The Indian government, led by Prime Minister Narendra Modi, has grown increasingly focused on giving more people access to the Internet, but the majority of the country's citizens are still offline.
Nearly 1 billion people in India are yet to connect to the Internet, according to a World Bank report. As of 2014, India's population was estimated to be around 1.3 billion, according to data from the World Bank and the US' Census Bureau.
The report added that the Internet adoption rate was high in government firms, but low for small and medium-sized businesses.
With a wider adoption of the Internet, the World Bank says that India could see a major push in growth, job creation and general improvements in public services.

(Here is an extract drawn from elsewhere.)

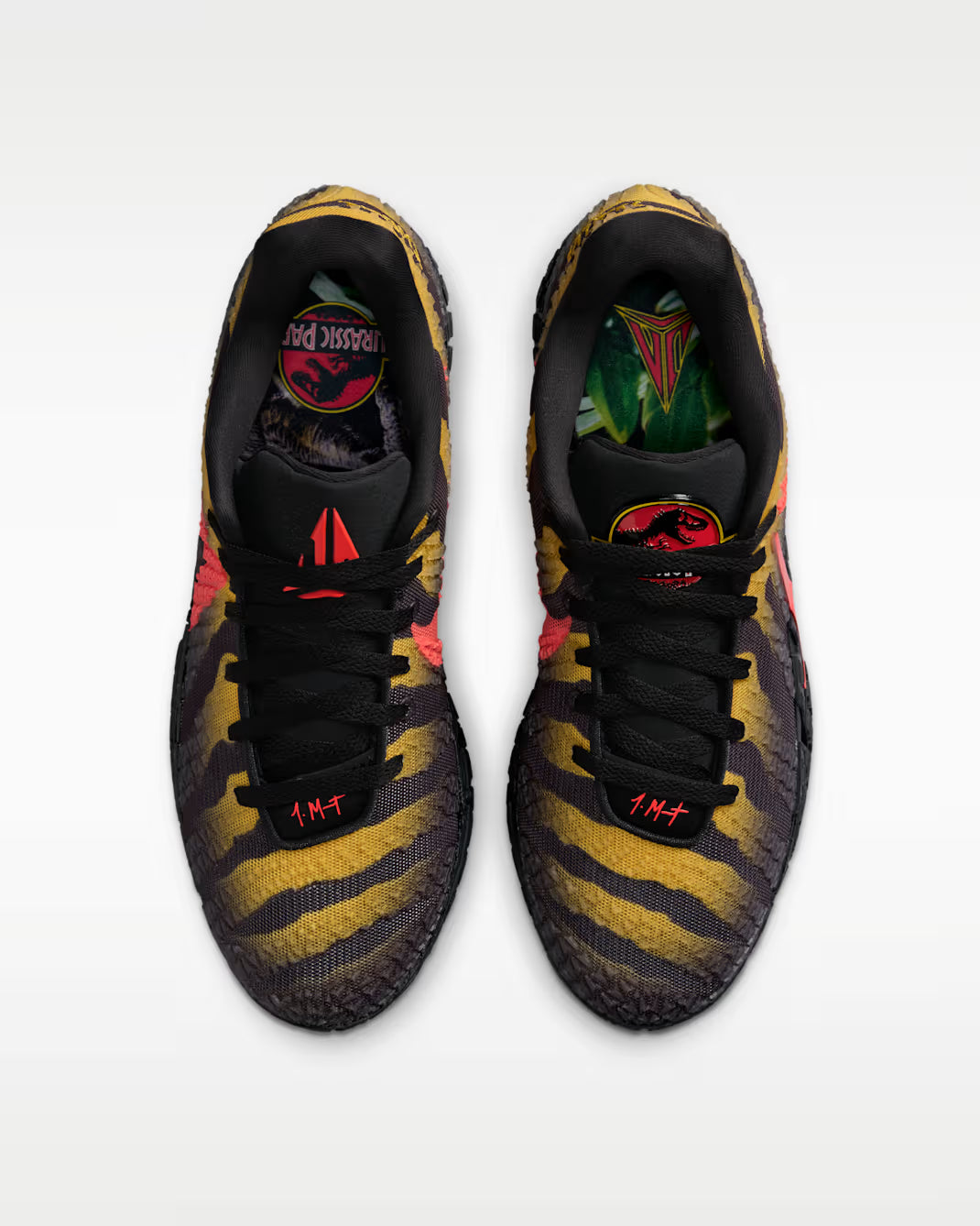 Nike Ja 3 "Raptor"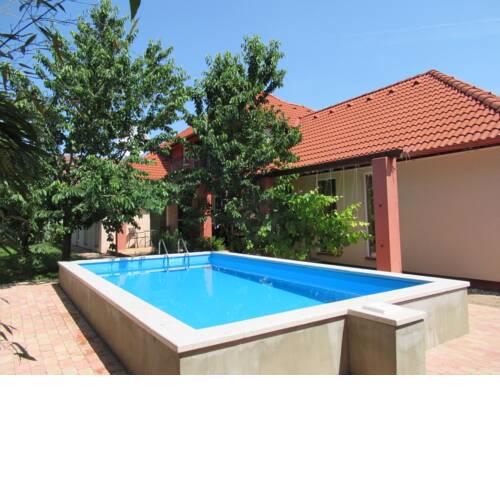 Holiday Home Judit - ALD401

The report comes months after India's telecoms regulator banned Free Basics, Facebook's controversial initiative, which aims to bring affordable access to select Internet services to less developed countries. At the time, privacy advocates in the country condemned Free Basics, noting that it was violating Net neutrality, the principle of equal access to all types of content and services on the Internet.
That's not to say that the Indian government hasn't done anything to bring connectivity to more people. In 2011, the government initiated the National Optical Fibre Network project to provide broadband connectivity to more than 200,000 villages.
Though India is the country with the greatest percentage of its population unconnected to the Web, the World Bank report states that it still has the third largest number of connected users in the world. It's beaten only by China and the US.